-------- Extracted information --------

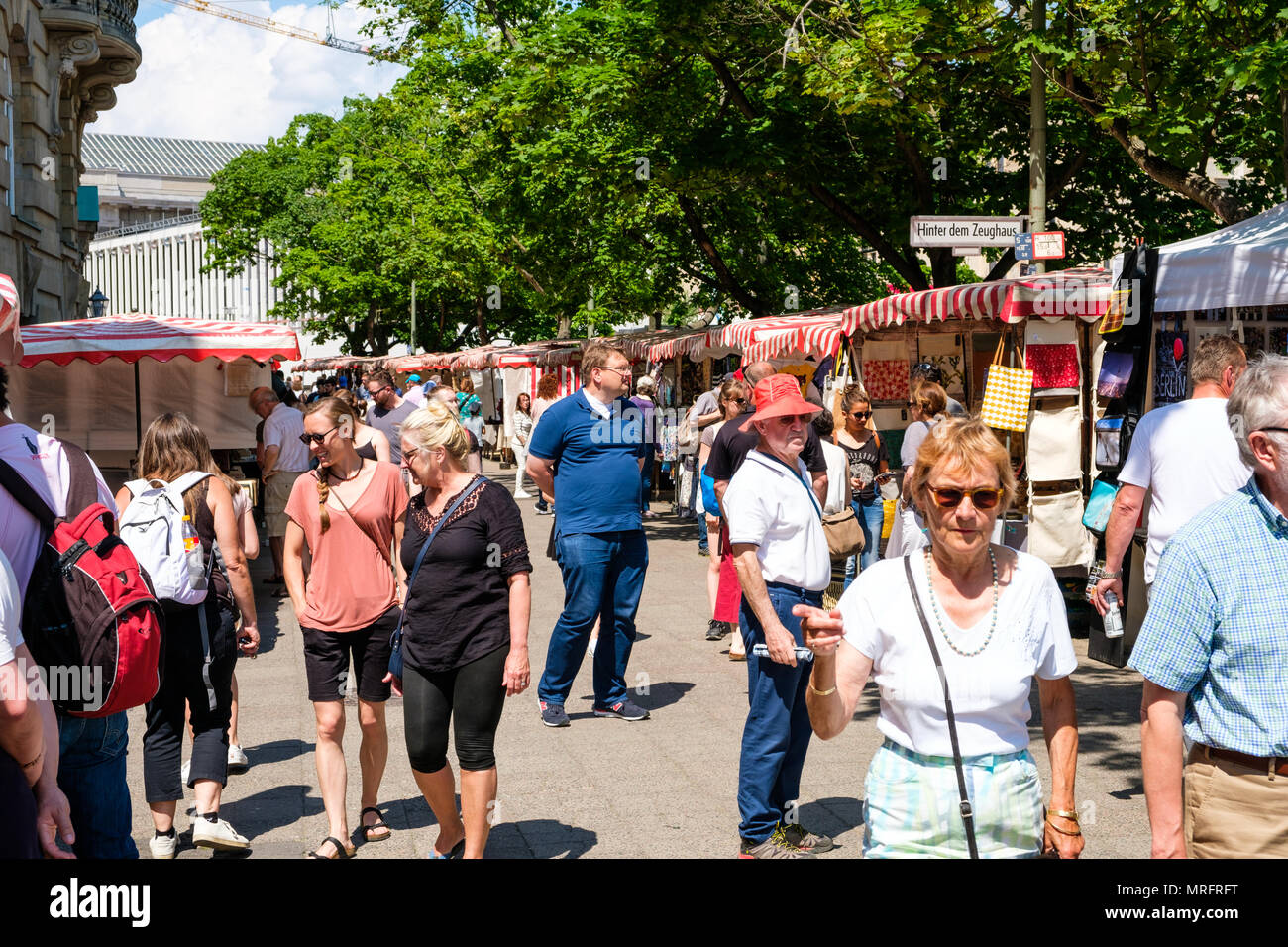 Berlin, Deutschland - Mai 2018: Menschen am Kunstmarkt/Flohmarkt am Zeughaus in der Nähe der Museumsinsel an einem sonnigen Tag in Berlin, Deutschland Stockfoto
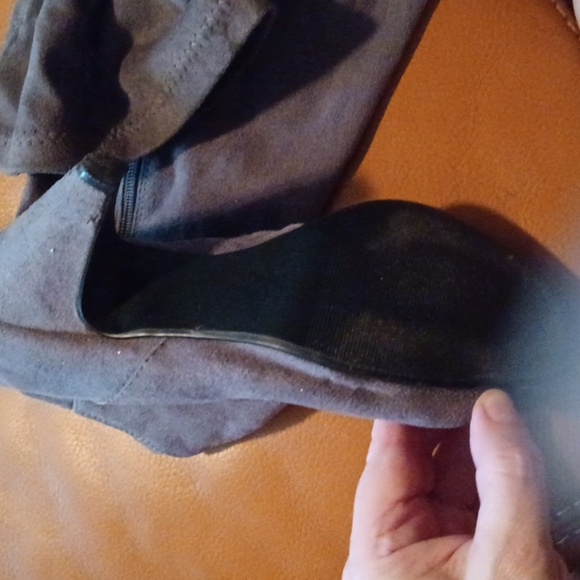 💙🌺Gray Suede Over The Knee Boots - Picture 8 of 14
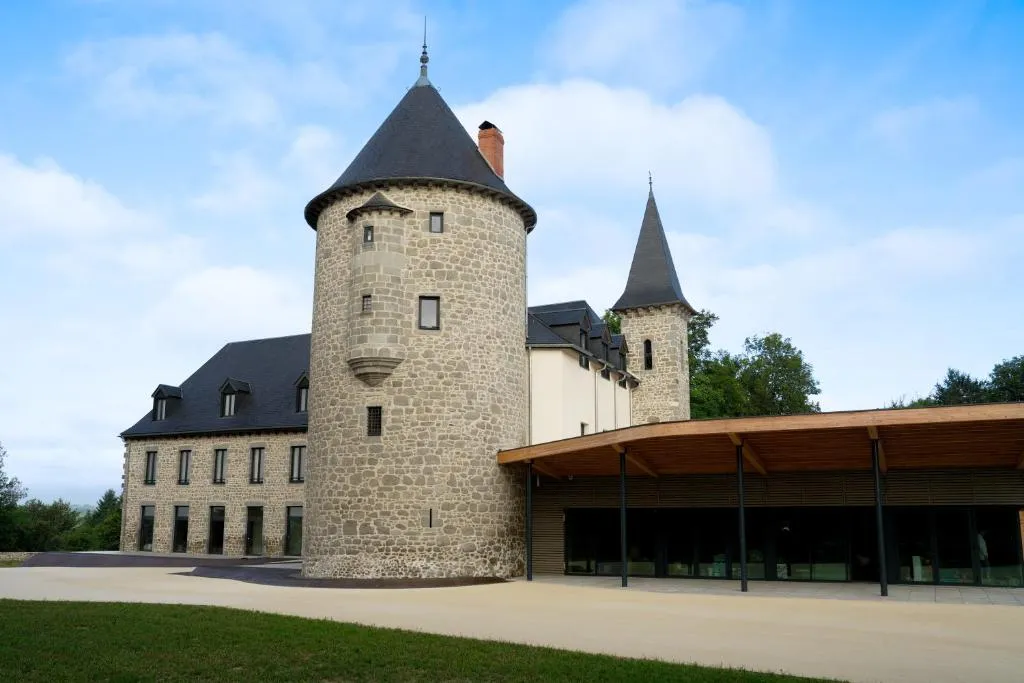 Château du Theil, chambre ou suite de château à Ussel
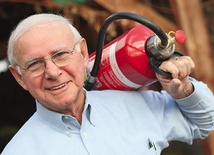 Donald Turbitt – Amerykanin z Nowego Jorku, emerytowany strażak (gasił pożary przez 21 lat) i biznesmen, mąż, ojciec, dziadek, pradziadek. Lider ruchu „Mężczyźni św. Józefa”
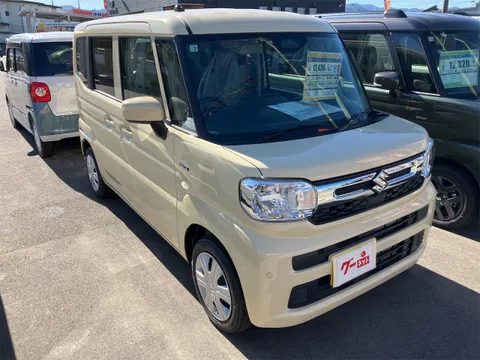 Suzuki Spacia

--------

### Required work
Output the data exactly. Leave every picture out.

### Response
 Berlin, Deutschland - Mai 2018: Menschen am Kunstmarkt/Flohmarkt am Zeughaus in der Nähe der Museumsinsel an einem sonnigen Tag in Berlin, Deutschland Stockfoto
 💙🌺Gray Suede Over The Knee Boots - Picture 8 of 14
 Château du Theil, chambre ou suite de château à Ussel
 Donald Turbitt – Amerykanin z Nowego Jorku, emerytowany strażak (gasił pożary przez 21 lat) i biznesmen, mąż, ojciec, dziadek, pradziadek. Lider ruchu „Mężczyźni św. Józefa”
 Suzuki Spacia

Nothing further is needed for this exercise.